The court also indicated its view that the five individual plaintiffs and two of the four corporate plaintiffs (Ward Cut-Rate Drug Company and Mading-Dugan Drugstores, Inc.) had neither purchased nor sold Fidelity stock and therefore had no standing to assert a claim under Rule 10b-5, citing Birnbaum v. Newport Steel Corp., 193 F.2d 461 (2d Cir. 1952), and Herpich v. Wallace, 430 F.2d 792 (5th Cir. 1970). As a result of this finding, in the proposed amended complaint "only those plaintiffs who purchased Fidelity General stock seek recovery of damages apparently as opposed to indemnification or contribution caused by defendants' security fraud" (plaintiffs' reply brief 6, n. 3). In view of this construction of the amended complaint, we will not consider the effect of Eason v. General Motors Acceptance Corp., 490 F.2d 654 (7th Cir. 1973), on the standing question. The district court did not consider the Illinois common law fraud count, nor have the parties briefed that question in this Court. Therefore, we will not consider it either.

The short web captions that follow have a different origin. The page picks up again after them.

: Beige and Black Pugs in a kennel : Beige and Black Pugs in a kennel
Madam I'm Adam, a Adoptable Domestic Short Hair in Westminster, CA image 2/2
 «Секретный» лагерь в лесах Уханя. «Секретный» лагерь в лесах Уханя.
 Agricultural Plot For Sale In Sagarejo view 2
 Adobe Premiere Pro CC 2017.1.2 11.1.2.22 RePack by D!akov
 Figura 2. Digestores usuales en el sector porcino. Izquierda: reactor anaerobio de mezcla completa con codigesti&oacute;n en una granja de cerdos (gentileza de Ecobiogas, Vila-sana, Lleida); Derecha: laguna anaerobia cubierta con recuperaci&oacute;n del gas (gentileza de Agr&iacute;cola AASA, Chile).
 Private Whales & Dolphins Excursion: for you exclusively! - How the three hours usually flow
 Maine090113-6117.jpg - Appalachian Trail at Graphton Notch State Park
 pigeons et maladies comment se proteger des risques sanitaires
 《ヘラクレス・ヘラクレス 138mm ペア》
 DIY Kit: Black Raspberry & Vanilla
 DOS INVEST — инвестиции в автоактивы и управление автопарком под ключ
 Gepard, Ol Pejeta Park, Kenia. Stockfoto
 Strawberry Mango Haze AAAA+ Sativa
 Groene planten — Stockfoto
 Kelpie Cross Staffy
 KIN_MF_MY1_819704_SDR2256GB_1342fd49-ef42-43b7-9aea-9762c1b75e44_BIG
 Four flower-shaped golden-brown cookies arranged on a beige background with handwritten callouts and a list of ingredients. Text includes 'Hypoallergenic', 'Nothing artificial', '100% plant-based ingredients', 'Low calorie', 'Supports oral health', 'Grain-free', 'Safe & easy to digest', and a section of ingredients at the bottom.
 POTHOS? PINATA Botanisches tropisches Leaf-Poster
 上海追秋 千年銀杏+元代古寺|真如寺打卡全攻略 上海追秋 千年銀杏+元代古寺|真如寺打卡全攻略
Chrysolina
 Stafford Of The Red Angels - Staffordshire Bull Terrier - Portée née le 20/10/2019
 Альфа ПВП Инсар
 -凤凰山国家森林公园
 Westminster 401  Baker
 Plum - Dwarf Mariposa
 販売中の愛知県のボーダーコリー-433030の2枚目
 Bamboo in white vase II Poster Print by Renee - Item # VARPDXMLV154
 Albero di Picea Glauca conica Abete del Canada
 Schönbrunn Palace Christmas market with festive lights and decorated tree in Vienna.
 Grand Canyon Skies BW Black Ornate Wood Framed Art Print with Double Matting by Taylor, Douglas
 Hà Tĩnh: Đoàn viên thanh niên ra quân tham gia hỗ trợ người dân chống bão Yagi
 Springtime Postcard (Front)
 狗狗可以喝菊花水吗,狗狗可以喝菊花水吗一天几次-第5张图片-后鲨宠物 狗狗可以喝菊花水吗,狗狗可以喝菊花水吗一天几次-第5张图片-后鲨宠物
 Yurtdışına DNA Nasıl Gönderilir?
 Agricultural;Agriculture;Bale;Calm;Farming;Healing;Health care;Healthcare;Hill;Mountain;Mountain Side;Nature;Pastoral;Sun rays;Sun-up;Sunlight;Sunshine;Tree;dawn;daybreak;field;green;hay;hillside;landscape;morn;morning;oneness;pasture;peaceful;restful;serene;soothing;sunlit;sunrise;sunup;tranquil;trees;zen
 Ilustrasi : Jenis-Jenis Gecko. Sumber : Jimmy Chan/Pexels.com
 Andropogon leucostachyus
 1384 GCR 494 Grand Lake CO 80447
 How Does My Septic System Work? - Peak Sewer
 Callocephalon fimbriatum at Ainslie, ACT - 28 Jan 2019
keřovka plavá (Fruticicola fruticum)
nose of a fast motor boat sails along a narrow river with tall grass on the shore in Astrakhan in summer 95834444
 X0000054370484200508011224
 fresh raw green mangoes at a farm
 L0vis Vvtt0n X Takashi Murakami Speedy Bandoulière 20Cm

On appeal, the Madigan Group first argues that its members are entitled to indemnification or contribution from defendants for any liability to which plaintiffs may be exposed in the pending action filed against them by the Illinois Director of Insurance as liquidator of Fidelity. That suit, Mauck v. Mading-Dugan Drug Co. et al., No. 70 C 2151, is still pending before the same district judge. The defendants include the five individual plaintiffs herein. $16,500,000 in damages are sought in addition to equitable relief.

The liquidator's complaint states a quite different version of the facts. He alleges that Fidelity was solvent when purchased...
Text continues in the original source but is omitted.